◆ **Task**
Once you find the line with "Un escalier avec" in the entries below, return exactly every line from it through the line with "1910 S Seminole".

◆ **Data extract**
==*==

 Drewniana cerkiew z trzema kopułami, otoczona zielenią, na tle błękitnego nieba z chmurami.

==*==

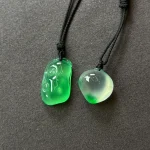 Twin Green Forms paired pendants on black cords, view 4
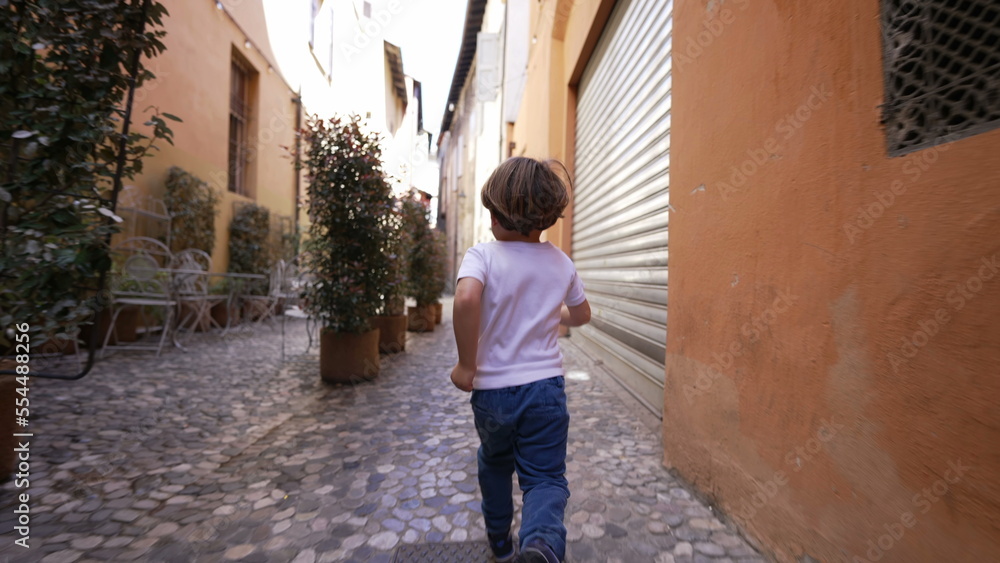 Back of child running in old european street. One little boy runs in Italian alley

==*==

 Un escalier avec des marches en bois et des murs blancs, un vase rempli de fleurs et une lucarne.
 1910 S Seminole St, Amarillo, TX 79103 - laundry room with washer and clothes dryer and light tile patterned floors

==*==

◆ **Finished task**
 Un escalier avec des marches en bois et des murs blancs, un vase rempli de fleurs et une lucarne.
 1910 S Seminole St, Amarillo, TX 79103 - laundry room with washer and clothes dryer and light tile patterned floors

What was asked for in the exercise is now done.